### WHAT YOU HAVE TO DO
Would you please return all of the entries below exactly as shown?

### DATA EXTRACTS
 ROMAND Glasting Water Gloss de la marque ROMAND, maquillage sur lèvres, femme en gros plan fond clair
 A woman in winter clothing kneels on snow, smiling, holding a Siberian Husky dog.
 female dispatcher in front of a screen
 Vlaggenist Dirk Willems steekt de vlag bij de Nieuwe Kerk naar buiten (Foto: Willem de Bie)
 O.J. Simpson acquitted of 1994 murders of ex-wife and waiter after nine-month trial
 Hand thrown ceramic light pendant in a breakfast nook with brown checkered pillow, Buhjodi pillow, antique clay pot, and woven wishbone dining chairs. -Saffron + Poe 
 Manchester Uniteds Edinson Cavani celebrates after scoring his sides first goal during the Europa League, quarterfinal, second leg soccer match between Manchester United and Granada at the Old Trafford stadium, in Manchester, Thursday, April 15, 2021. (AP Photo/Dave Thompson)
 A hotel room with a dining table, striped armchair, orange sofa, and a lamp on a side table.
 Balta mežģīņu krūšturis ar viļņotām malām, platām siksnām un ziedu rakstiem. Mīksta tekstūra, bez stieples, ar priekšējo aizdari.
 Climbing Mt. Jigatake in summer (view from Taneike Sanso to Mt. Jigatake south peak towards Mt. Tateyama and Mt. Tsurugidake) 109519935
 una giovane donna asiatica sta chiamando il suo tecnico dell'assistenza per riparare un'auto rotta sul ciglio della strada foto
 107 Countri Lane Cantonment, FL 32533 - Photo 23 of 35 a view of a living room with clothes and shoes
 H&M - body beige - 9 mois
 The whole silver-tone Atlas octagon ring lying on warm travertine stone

### WRITTEN ANSWER
 ROMAND Glasting Water Gloss de la marque ROMAND, maquillage sur lèvres, femme en gros plan fond clair
 A woman in winter clothing kneels on snow, smiling, holding a Siberian Husky dog.
 female dispatcher in front of a screen
 Vlaggenist Dirk Willems steekt de vlag bij de Nieuwe Kerk naar buiten (Foto: Willem de Bie)
 O.J. Simpson acquitted of 1994 murders of ex-wife and waiter after nine-month trial
 Hand thrown ceramic light pendant in a breakfast nook with brown checkered pillow, Buhjodi pillow, antique clay pot, and woven wishbone dining chairs. -Saffron + Poe 
 Manchester Uniteds Edinson Cavani celebrates after scoring his sides first goal during the Europa League, quarterfinal, second leg soccer match between Manchester United and Granada at the Old Trafford stadium, in Manchester, Thursday, April 15, 2021. (AP Photo/Dave Thompson)
 A hotel room with a dining table, striped armchair, orange sofa, and a lamp on a side table.
 Balta mežģīņu krūšturis ar viļņotām malām, platām siksnām un ziedu rakstiem. Mīksta tekstūra, bez stieples, ar priekšējo aizdari.
 Climbing Mt. Jigatake in summer (view from Taneike Sanso to Mt. Jigatake south peak towards Mt. Tateyama and Mt. Tsurugidake) 109519935
 una giovane donna asiatica sta chiamando il suo tecnico dell'assistenza per riparare un'auto rotta sul ciglio della strada foto
 107 Countri Lane Cantonment, FL 32533 - Photo 23 of 35 a view of a living room with clothes and shoes
 H&M - body beige - 9 mois
 The whole silver-tone Atlas octagon ring lying on warm travertine stone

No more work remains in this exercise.